鹿児島県、沖縄県の天然記念物。環境省の定める「日本の絶滅のおそれのある野生動植物の種の保存に関する法律(種の保存法)」により、希少野生動植物種に指定されているため、捕獲、販売、譲渡などが原則禁止されている。実施する場合は、環境大臣の許可が必要となる。

【分布】
日本の南西諸島固有種。奄美大島、請島、徳之島に生息。徳之島では、森林など広葉樹の落ち葉が多く、流れのない止水の水辺で繁殖し、その周辺で生活している。

【生態】
夜行性だが、極々希に昼間に歩いていることがある。成体の動きはとても緩慢で、いかなる緊急事態にあっても素早く動くことはない。ミミズやコウガイビル、カタツムリ、ナメクジ、そのほか甲虫やヤスデなど素早くない動物を食べる。最も寒い1月から2月にかけて繁殖行動を起こすことが多く、水流の無い水辺で産卵する。幼生にはえらがあり、水中でミジンコやボウフラ、オタマジャクシなどを食べて成長、大きくなるとえらが小さくなり上陸する。幼生は3月から7月にかけて見られ、成体とは異なり水中で見失うほど瞬時に移動できる。おそらく、天敵のリュウキュウギンヤンマのヤゴなどから逃れるためと思われる。上陸してからの成長は遅く、最大まで成長するには10年以上かかり、成体は繁殖期以外は見かけないため、月に何回かの採餌の時以外は、休眠していると考えられる。なお、オキナワイボイモリの産卵は、やや流れのある河川域で行われるという。

【島内の目撃情報】
島内各所、森林など広葉樹の落ち葉が多く、枯れ難い水溜りや池の周辺で見られ、夜間には道路を歩いていたり、昼間は落ち葉の下などで見られる。人家の周りでは、地面に置かれたトタン板などの下にいる場合もあるが、ハブやヒメハブも同様の場所にいる可能性が高いので注意が必要。徳之島の林道は止水の水辺から遠いため、出てくることは少ない。雨が多い年は、森林に近い未舗装道路のわだちにできた水溜りでも繁殖する。

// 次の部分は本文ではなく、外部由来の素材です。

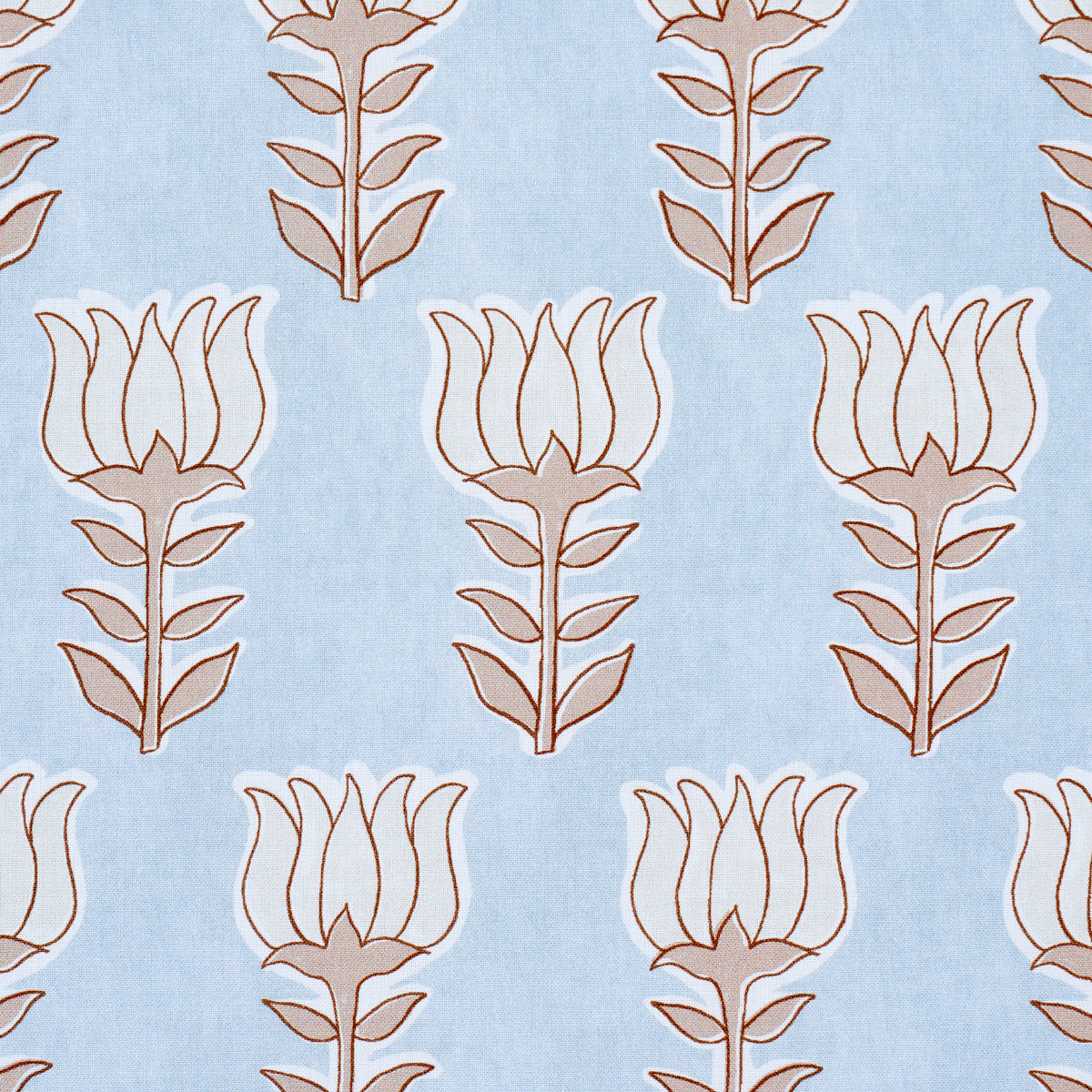 MIA-TULIP-SKY-SAND-SCHUMACHER-181390 - Schumacher Fabric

近年、戸森の線刻画の南にある小さな溜め池周辺で繁殖、産卵が確認されており、1~2月ごろ卵が見られる。稀に曇った昼間でも、産卵に来た雌が草むらに居残っている場合がある。ただし、水溜りからやや離れた場所にも産卵しているため、踏みつけたりしないよう観察には注意が必要。

【シマグチ】
阿布木名(あぶきな)/現在の天城集落では、イモリ全般のことを「マオウ」と呼んでいた。